The U.S. economy added more jobs than forecast in April, easing concern that higher fuel prices are slowing the economic recovery.
Payrolls increased by 244,000 workers last month, the biggest gain since May 2010, after a revised 221,000 gain the prior month, the Labor Department said today in Washington. Economists projected an April rise of 185,000, according to the median estimate in a Bloomberg News survey. Employment excluding government jobs jumped the most in five years. The jobless rate rose to 9 percent, the first increase since November.
More jobs and rising wages may give households, whose spending accounts for 70 percent of the economy, the means to overcome the highest gasoline prices in almost three years.

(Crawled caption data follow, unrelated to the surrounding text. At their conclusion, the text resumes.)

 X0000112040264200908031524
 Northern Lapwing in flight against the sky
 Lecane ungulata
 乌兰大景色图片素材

Federal Reserve Chairman Ben S. Bernanke and some of his colleagues have signaled they plan to forge ahead through June with record monetary stimulus to bolster the expansion.

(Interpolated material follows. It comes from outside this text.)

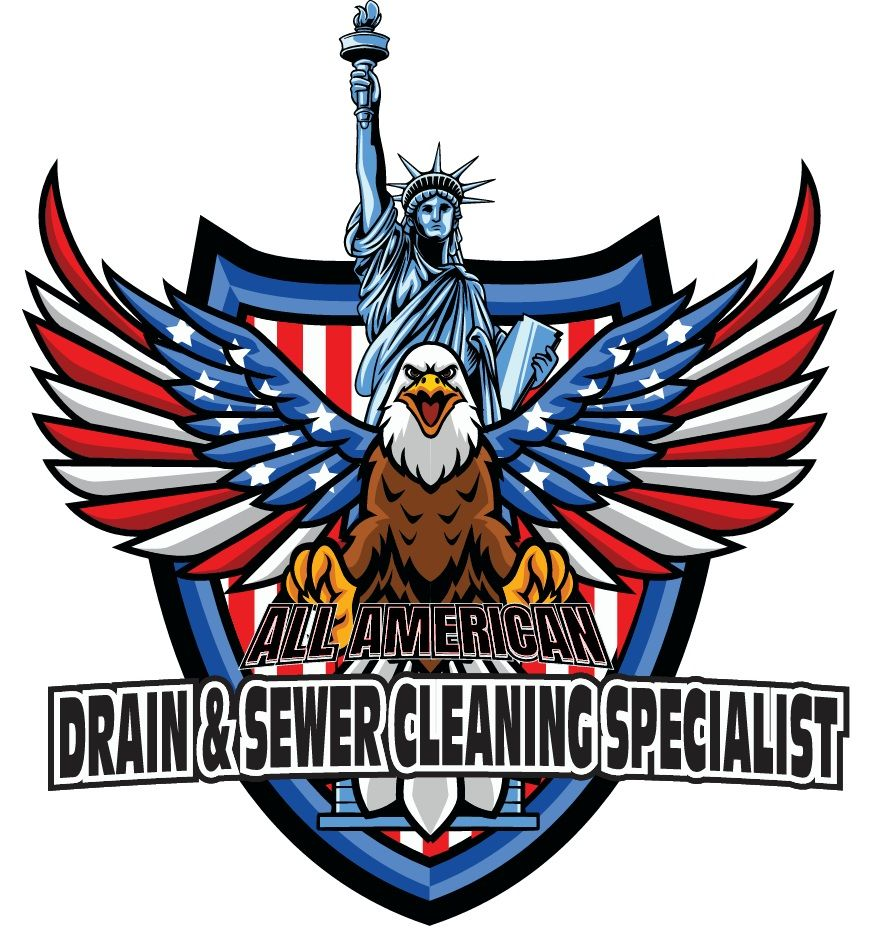 Logo: Bald eagle and Statue of Liberty with American flag wings, "All American Drain & Sewer Cleaning Specialist".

“The recovery has progressed into the self-propelling stage, where it’s less vulnerable to short-term swings in sentiment,” said Jim O’Sullivan, chief economist at MF Global Inc. in New York, who forecast a gain of 250,000 jobs.
Stock-index futures rose and Treasuries fell after the report. The contract on the Standard & Poor’s 500 Index expiring in June climbed 0.9 percent to 1,347.5 at 8:48 a.m. in New York. The yield on the benchmark 10-year note increased to 3.23 percent from 3.15 percent.